Where in the Splunk Manager can I set access_combined. I am a non programmer and new to Splunk so am having difficulties setting up
Your log files do not need to contain the name of the field. useragent
is the field name.
If the logs are apache logs, you can set the sourcetype to access_combined
or access_combined_wcookie
in inputs.conf (or via the Splunk Manager GUI). These sourcetypes are predefined in Splunk for apache logs; I think that access_combined
may be the right choice for your situation.
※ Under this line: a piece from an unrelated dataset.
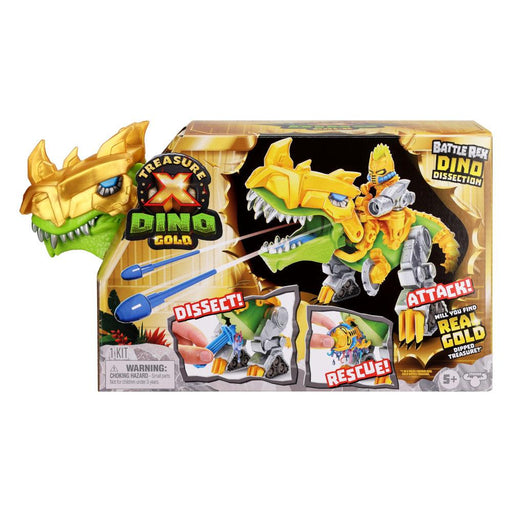 Moose Toys - Treasure X - Dino Gold Dino Dissection- Battle Rex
When you use a predefined sourcetype, Splunk will automatically perform the field extractions that are defined for that sourcetype. The access_combined sourceytpe defines a field named useragent
.
BTW, this change will only affect new data that is added to Splunk. The data that has already been indexed will not change to the access_combined sourcetype.
Lisa is ultimately correct with this answer. Correct source typing is the solution. You may want to consider attending Splunk training courses.
There are several choices:
1. Extract the field at search time with | rex command like so: source=/opt/log* | rex field=_raw "\"-\"\s+(?
2. Use the interactive field extractor. See http://docs.splunk.com/Documentation/Splunk/4.3.3/User/InteractiveFieldExtractionExample
3. Or use Splunk's Manager view to create an extracted field.
You can use the | rex command or use the Interactive field extractor to extract your own field.
http://docs.splunk.com/Documentation/Splunk/4.3.3/User/InteractiveFieldExtractionExample
Thanks for your answer.
But I just realized my logs files don't have the word useragent listed.
How can I extract the Googlebot information instead?